◆ **Record extracts**
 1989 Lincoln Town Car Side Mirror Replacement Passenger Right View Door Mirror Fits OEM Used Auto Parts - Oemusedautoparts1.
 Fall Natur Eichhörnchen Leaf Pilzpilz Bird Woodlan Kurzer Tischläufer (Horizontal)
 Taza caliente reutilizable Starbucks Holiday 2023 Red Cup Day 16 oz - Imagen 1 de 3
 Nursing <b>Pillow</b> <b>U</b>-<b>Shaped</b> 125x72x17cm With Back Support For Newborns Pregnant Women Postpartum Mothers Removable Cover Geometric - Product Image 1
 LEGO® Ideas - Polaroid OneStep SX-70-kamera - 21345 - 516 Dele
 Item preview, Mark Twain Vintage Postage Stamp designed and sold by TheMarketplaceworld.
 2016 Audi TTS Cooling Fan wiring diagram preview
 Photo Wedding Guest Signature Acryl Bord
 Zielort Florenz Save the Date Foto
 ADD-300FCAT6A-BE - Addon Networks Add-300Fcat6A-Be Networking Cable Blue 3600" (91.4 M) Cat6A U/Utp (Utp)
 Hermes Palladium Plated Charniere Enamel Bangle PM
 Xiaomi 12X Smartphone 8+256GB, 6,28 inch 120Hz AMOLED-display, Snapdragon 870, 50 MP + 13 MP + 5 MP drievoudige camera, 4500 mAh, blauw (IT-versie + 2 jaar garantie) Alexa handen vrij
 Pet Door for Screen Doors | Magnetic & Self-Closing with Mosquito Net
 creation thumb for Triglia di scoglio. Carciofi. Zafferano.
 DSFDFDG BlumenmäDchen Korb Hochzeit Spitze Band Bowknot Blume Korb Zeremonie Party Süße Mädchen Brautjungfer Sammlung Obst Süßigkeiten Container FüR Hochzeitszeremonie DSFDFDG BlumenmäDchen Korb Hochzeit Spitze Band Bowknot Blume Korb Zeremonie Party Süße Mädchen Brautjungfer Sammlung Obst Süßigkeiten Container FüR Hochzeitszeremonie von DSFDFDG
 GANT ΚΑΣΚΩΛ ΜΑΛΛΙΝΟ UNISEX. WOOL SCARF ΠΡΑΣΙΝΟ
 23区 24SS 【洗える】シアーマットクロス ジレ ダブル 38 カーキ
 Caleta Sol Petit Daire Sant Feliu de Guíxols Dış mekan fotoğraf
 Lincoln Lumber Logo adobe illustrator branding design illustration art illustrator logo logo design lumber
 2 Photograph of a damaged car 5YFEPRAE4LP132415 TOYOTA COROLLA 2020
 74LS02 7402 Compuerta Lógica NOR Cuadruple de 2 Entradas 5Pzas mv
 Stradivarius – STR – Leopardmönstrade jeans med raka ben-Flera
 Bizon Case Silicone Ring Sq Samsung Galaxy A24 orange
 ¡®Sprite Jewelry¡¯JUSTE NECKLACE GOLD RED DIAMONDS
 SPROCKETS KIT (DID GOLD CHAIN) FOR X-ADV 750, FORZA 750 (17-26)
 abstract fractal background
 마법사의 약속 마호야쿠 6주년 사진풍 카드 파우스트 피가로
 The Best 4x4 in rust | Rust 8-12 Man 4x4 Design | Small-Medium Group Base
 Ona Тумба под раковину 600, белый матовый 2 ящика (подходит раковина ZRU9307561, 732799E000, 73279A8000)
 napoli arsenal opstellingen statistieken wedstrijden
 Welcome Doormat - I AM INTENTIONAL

◆ **What to work on**
An exact copy of the lines above, from the one containing "Taza caliente reutilizable" through the one containing "Item preview, Mark", is the whole of the answer.

◆ **Completed task**
 Taza caliente reutilizable Starbucks Holiday 2023 Red Cup Day 16 oz - Imagen 1 de 3
 Nursing <b>Pillow</b> <b>U</b>-<b>Shaped</b> 125x72x17cm With Back Support For Newborns Pregnant Women Postpartum Mothers Removable Cover Geometric - Product Image 1
 LEGO® Ideas - Polaroid OneStep SX-70-kamera - 21345 - 516 Dele
 Item preview, Mark Twain Vintage Postage Stamp designed and sold by TheMarketplaceworld.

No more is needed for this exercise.